Many consider launching 59 Tomahawk cruise missile strikes into sovereign Syria as illegal without Congressional approval and under the U.S. War Powers Resolution. It was also deemed an illegal “act of aggression” by international law under the United Nations Charter. Military intervention is a tried and true diversionary tactic. Anything is possible in the Trump-Putin-Assad world. In the volatile area of the Middle East, most anything is playing with fire.
In 1555, Nostradamus predicted global warming and an authoritarian ruler who would lead the world into a global economic collapse and war between two great powers played out in smaller nations. We must beware of Donald Trump. He lacks a moral compass and is a danger to humanity. Even unintended consequences can lead us to war.

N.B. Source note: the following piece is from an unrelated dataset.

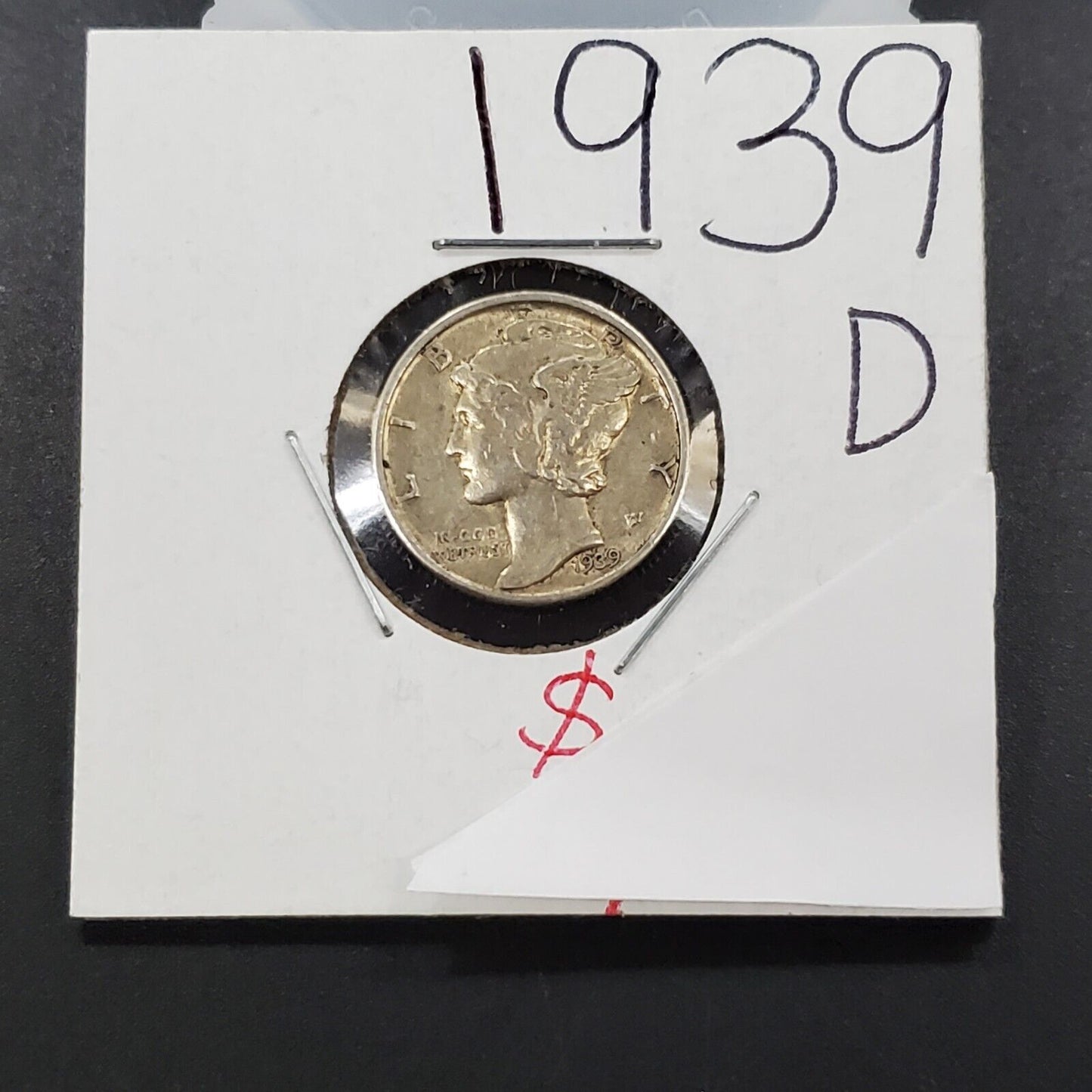 1939 D Mercury Silver Dime Coin XF EF Extra Fine Circ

I don’t want to be right…
Surrealist artist Salvador Dali, like Trump, learned that cutting-edge life and art, outrageous remarks, and flagrant self-promotion were very good for business. They kept him in the limelight and provoked a response. “Everything ends up in the cauliflower! The rub is that cauliflowers are too small to prove this theory conclusively,” Dalí exclaimed as he lectured to a rapt audience at the Sorbonne in 1955. He’d arrived in a white Rolls Royce filled with 500kg of cauliflowers to create a spectacle. But it was 60 years later in the Dalí Museums in Figueras, Spain, and St. Petersburg, Fla. that I learned of his interest in cauliflower, Romanesco Cauliflower to be exact (a cross between broccoli and cauliflower). It is similar in structure to the human brain. The geometric sequence and ratio repeat throughout nature in fractals, the structure of the whole object which is replicated in its parts.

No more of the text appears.